This may have worked for Richard Klassen but a quote from Abraham Lincoln:
"He who represents himself has a fool for a client" Consumer beware!
-- injusticebusters.org

Practicing Justice without a licence for almost 7 years!

Our court advice pages were among the first we posted when we launched injusticebusters on Sympatico in June, 1998. Many people have found them to be sound and useful. There is not a word we would change in any of this . . . it is all straightforward, sensible advice that anyone who is improperly charged or innocent should find useful. One injustice we have very little help for, and which we have seen repeated so often we believe it must be very widespread is the tendency of judges to hold people in remand for weeks on end while legal aid sorts out its difficulties in dealing with the huge numbers of cases it must defend. Saskatoon Legal Aid routinely conducts itself as though it is a private law firm -- claiming a conflict of interest in circumstances where they have both a defendant and complainant involved in the same case. We don't know if this is part of Jane Lancaster's general delusion about how important she is (managing the biggest law firm in the province?) or if this is becoming a problem across the country.

Our first advice remains: if you are guilty as charged, plead guilty be done with it. If the charges are not fair, or if you are innocent, insist on your day in court.


injusticebusters are of the opinion that Preliminary Hearings are a waste of time

Many lawyers will tell you that this is an opportunity to hear the Crown's case. Think about it. The Crown should already have presented you with everything you need to know through disclosure. They are legally bound to do this. The law does not allow surprises in the courtroom.

A preliminary hearing is the Crown's dress rehearsal for trial. It is a chance for them to see how well their witnesses perform. It is a chance for the cops to get paid time off from busting people and get some practice trotting out the evidence. It is a chance for them to scrutinize YOU to see how nervous you are.

A Preliminary Hearing is a confidence-building excercise for the Crown. The Crown will also try to make it into a confidence-destroying exercise for you.
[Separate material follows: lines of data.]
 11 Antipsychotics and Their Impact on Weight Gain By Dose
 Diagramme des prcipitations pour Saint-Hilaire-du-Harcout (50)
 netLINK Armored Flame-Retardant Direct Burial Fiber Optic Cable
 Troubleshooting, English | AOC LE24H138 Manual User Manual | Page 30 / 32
A preliminary hearing is often an opportunity for the judge to catch up on sleep. Since the huge majority of prelims end in the accused being ordered to stand trial, the judge doesn't have to pay close attention. If there is any evidence at all -- and not necessarily good, closely scrutinized evidence -- the judge will order a trial.
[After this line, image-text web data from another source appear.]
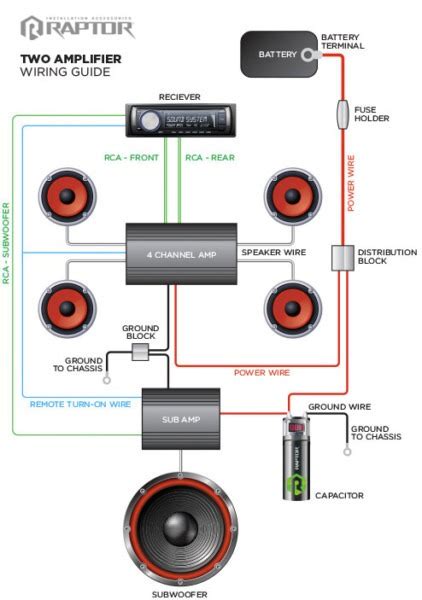 Dual Amp Wiring Diagram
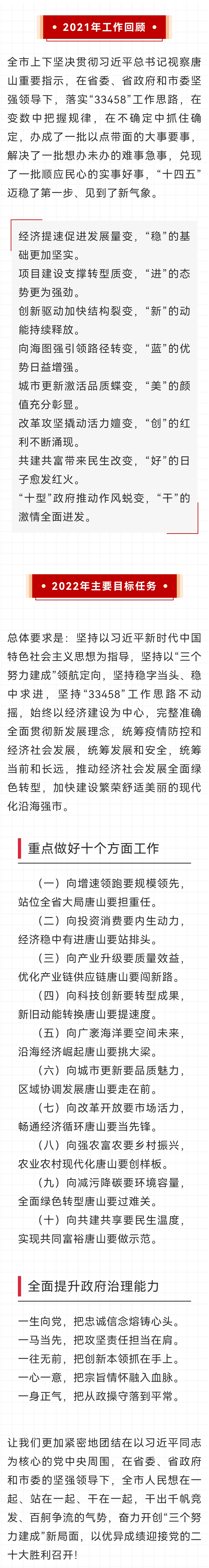 900字速读！2022年唐山《政府工作报告》极简版.jpg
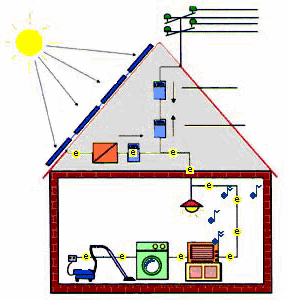 1.7 - Impianti produzione energia fotovoltaici I sistemi fotovoltaici (FV) permettono la conversione diretta di energia solare in elettrica.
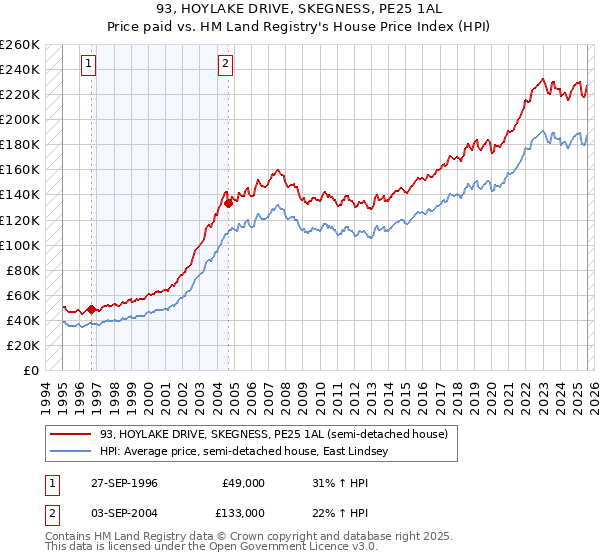 93, HOYLAKE DRIVE, SKEGNESS, PE25 1AL: Price paid vs HM Land Registry's House Price Index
injusticebusters say: Kill your Preliminary hearing. When you are arraigned, Plead Not Guilty, ask again for full disclosure and ask for the quickest possible trial date and say you elect to be tried by judge and jury!.
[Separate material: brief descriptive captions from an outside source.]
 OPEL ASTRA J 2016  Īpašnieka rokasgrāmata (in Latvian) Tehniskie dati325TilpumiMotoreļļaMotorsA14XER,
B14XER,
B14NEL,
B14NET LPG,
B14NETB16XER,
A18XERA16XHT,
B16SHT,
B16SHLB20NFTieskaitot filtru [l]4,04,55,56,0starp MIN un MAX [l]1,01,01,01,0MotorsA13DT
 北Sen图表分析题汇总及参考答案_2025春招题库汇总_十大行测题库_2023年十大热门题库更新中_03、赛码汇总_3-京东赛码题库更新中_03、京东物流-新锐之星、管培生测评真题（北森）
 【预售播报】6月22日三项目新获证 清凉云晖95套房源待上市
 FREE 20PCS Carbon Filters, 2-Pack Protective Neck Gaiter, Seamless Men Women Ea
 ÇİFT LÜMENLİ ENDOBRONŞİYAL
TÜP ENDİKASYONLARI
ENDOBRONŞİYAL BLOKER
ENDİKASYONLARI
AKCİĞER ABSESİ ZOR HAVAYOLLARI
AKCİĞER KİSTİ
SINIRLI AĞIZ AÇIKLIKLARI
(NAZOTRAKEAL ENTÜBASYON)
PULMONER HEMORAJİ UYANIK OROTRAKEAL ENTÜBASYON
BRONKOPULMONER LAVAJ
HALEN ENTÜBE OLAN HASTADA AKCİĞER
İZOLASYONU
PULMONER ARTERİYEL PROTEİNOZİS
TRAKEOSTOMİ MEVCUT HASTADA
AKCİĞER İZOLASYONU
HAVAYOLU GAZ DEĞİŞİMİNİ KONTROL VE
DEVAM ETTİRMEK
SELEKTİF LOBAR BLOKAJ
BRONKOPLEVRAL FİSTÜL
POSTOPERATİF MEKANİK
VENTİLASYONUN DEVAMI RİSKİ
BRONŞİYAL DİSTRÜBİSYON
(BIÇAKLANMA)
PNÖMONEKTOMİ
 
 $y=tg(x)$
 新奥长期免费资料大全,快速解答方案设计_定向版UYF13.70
Dragging your case on is of no advantage to you. Hardly anybody wins on the charter argument that their case went on too long. Dragging the case on is a make-work project for the officers of the Court. The cops, the Crown, the judges and staff all get to haul boxes of paperwork and themselves and witnesses around from one place to another and get paid for doing it. Kind of like a boring holiday.

Preliminary hearings are also a chance for defence lawyers to pick up some extra cash. Talk about a free ride on the taxpayers' ticket! They get dressed up, go to Court, watch the Crown go through its rehearsal, accept the judge's order to send you to trial, maybe go for drinks with the Crown prosecutor afterwards and then go up and write you a bill for several hundreds of dollars!

You should also know that in the event you are wrongly convicted and decide to launch a civil claim, the fact that you were indicted by a preliminary inquiry will be used against you by those you are suing. (This was used by Dueck, Miazga and Bunko-Ruys the Klassen/Kvello civil trial. It was not an effective argument but it was one more hurdle to overcome)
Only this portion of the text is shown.